I originally posted this as a series of tweets. With the state of Twitter, I decided to convert it to a blog post.

So… A floating point question.

How many items are expected in a set (Python’s set, C++’s std::set, Go’s map[float64]bool, etc.) when I fill it with NaN values?

This seems to work differently in different languages.

C++

If we run the following C++ code:

 1
 2
 3
 4
 5
 6
 7
 8
 9
10
11
12
#include <set>
#include <cmath>

int main() {
    std::set<float> floatSet;
    
    for (auto i = 0; i < 10; ++i) {
        floatSet.insert(NAN);
    }

    return floatSet.size();  // 1
}

We get a single value in the set. This is a bit unexpected, as NAN is not equal to itself.

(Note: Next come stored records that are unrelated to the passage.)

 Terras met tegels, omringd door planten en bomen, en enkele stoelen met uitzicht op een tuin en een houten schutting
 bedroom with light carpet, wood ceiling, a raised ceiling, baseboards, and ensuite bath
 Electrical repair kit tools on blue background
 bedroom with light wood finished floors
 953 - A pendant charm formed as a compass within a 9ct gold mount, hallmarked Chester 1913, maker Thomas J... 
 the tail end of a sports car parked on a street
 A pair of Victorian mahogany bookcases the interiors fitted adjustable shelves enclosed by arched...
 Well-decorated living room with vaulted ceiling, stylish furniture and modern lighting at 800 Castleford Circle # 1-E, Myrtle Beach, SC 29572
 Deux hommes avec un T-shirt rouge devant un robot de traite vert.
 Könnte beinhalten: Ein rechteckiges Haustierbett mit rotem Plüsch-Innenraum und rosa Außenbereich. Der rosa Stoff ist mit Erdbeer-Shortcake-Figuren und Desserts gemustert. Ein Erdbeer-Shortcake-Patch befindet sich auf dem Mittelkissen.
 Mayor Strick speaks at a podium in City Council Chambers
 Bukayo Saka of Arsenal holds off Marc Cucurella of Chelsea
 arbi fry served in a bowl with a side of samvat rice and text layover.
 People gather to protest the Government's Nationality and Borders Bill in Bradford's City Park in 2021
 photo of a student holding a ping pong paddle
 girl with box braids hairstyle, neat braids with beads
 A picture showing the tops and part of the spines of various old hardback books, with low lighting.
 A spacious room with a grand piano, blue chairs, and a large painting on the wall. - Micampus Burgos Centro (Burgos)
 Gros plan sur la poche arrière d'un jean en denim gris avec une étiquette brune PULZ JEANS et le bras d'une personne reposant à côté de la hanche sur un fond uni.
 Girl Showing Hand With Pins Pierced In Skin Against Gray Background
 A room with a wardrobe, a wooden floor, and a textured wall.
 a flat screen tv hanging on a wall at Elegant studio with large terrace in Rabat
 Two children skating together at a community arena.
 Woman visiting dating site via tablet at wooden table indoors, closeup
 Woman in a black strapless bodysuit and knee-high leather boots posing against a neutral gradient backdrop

If we try and add more items to the set after the NAN, we’ll also see that the set is effectively broken:

 1
 2
 3
 4
 5
 6
 7
 8
 9
10
11
12
13
14
#include <set>
#include <cmath>

int main() {
    std::set<float> floatSet;

    floatSet.insert(NAN);
    
    for (auto i = 0; i < 10; ++i) {
        floatSet.insert(i);
    }

    return floatSet.size();  // 1
}

Returns 1 as well. Note that if we first add non-NaN values to the set, it seems to work ok.

Python

In Python code, things behave a little differently.

Filling a set with the same NaN object will give us a set with a single element:

1
2
3
4
5
6
7
floats = set()

nan = float("NaN")
for _ in range(10):
    floats.add(nan)

print(len(floats))  # 1

While filling it with different NaN objects will give us a set with multiple objects:

1
2
3
4
5
6
7
floats = set()

for _ in range(10):
    nan = float("NaN")
    floats.add(nan)

print(len(floats))  # 10

You see, objects in Python sets are only required to be hashable. There is no requirement for implementing equality. So, if 2 values are the same object (spelled a is b, or id(a) == id(b)), they’ll only appear once in a set. If they are not the same - equality (if possible) will be checked.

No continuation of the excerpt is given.